Anyhow, python is my main language for 4 years now. Being fanboys, elitists or monomaniacs is not a part of the python culture.

Answer 19

1. The performance is not good, but is improving with pypy,
2. The GIL prevents the use of threading to speed up code, (although this is usually a premature optimization),
3. It's only useful for application programming,

But it has some great redeeming features:

1. It's perfect for RAD,
2. It's easy to interface with C (and for C to embed a python interpreter),
3. It's very readable,
4. It's easy to learn,
5. It's well documented,
6. Batteries really are included, it's standard library is huge and pypi contains modules for practically everything,
7. It has a healthy community.

Answer 20

I do favor python and the first disadvantage that comes to my mind is when commenting out a statement like if myTest(): then you must change the indentation of the whole executed block which you wouldn't have to do with C or Java. In fact in python instead of commenting out an if-clause instead I've started to comment it out this way: `if True:#myTest() so I won't also have to change the following code block. Since Java and C don't rely on indentation it makes commenting out statements easier with C and Java.

Answer 21

• Strange OOP:
  • len(s) through __len__(self) and other "special methods"
  • extra special methods which could be derived from other special methods (__add__ and __iadd__ for + and +=)
  • self as first method parameter
  • you can forget to call base class constructor
  • no access modifiers (private, protected ...)
• no constant definitions
• no immutability for custom types
• GIL
• poor performance which leads to a mix of Python and C and troubles with builds (looking for C libs, platform dependencies ...)
• bad documentation, especially in third party libs
• incompatibility between Python 2.x and 3.x
• poor code analysis tools (compared to what is offered for statically typed languages such as Java or C#)

Answer 22

"Immutability" is not exactly it's strong point. AFAIK numbers, tuples and strings are immutable, everything else (i.e. objects) is mutable. Compare that to functional languages like Erlang or Haskell where everything is immutable (by default, at least).

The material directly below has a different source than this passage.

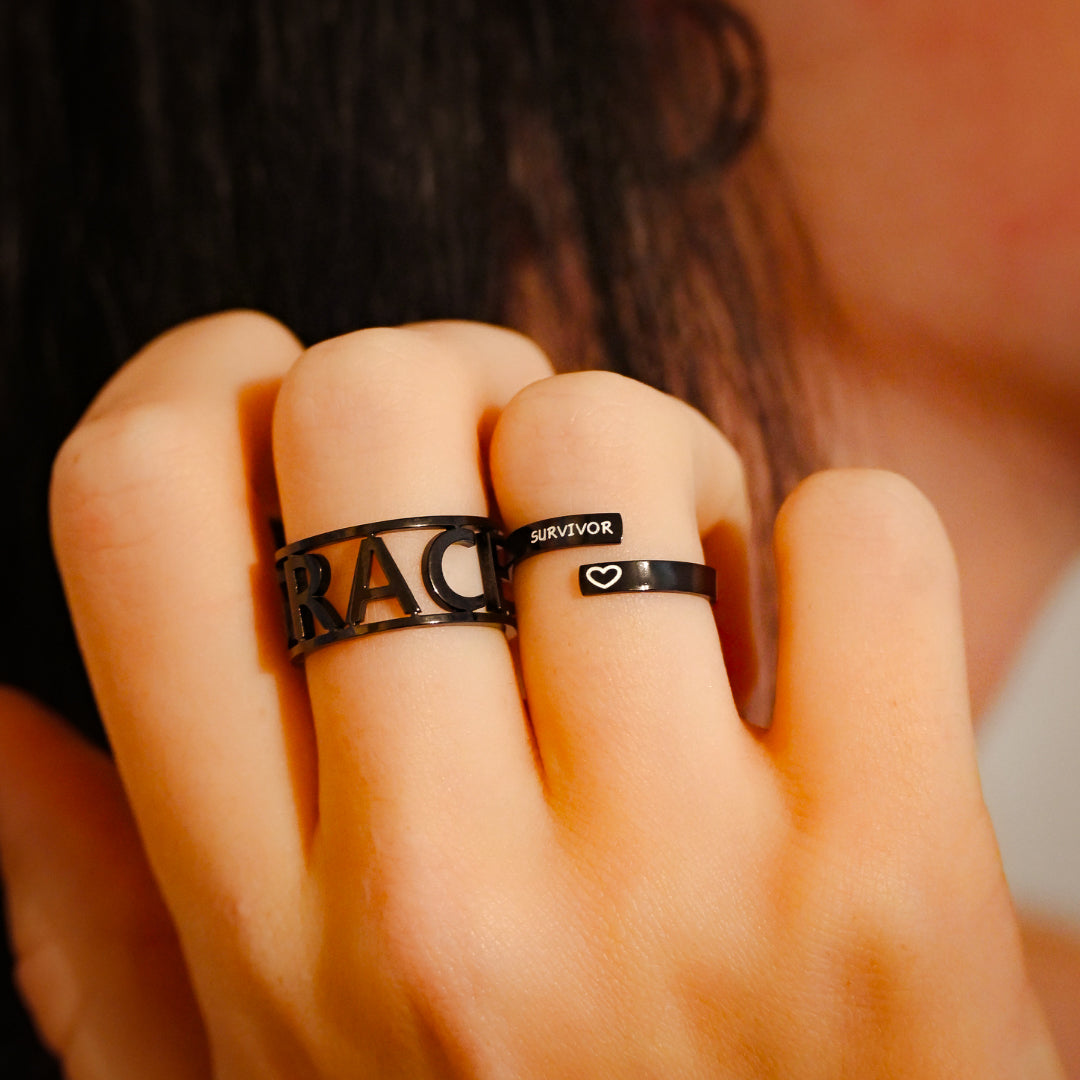 Survivor Wrap Ring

However, Immutability really really shines with concurrency*, which is also not Python's strong point, so at least it's consequent.

(*= For the nitpickers: I mean concurrency which is at least partially parallel. I guess Python is ok with "single-threaded" concurrency, in which immutability is not as important. (Yes, FP-lovers, I know that immutability is great even without concurrency.))

Answer 23

I'd love to have explicitly parallel constructs. More often than not, when I write a list comprehension like

[ f(x) for x in lots_of_sx ]

I don't care the order in which the elements will be processed. Sometimes, I don't even care in which order they are returned.

Even if CPython can't do it well when my f is pure Python, behavior like this could be defined for other implementations to use.

Answer 24

Python has no tail-call optimization, mostly for philosophical reasons. This means that tail-recursing on large structures can cost O(n) memory (because of the unnecessary stack that is kept) and will require you to rewrite the recursion as a loop to get O(1) memory.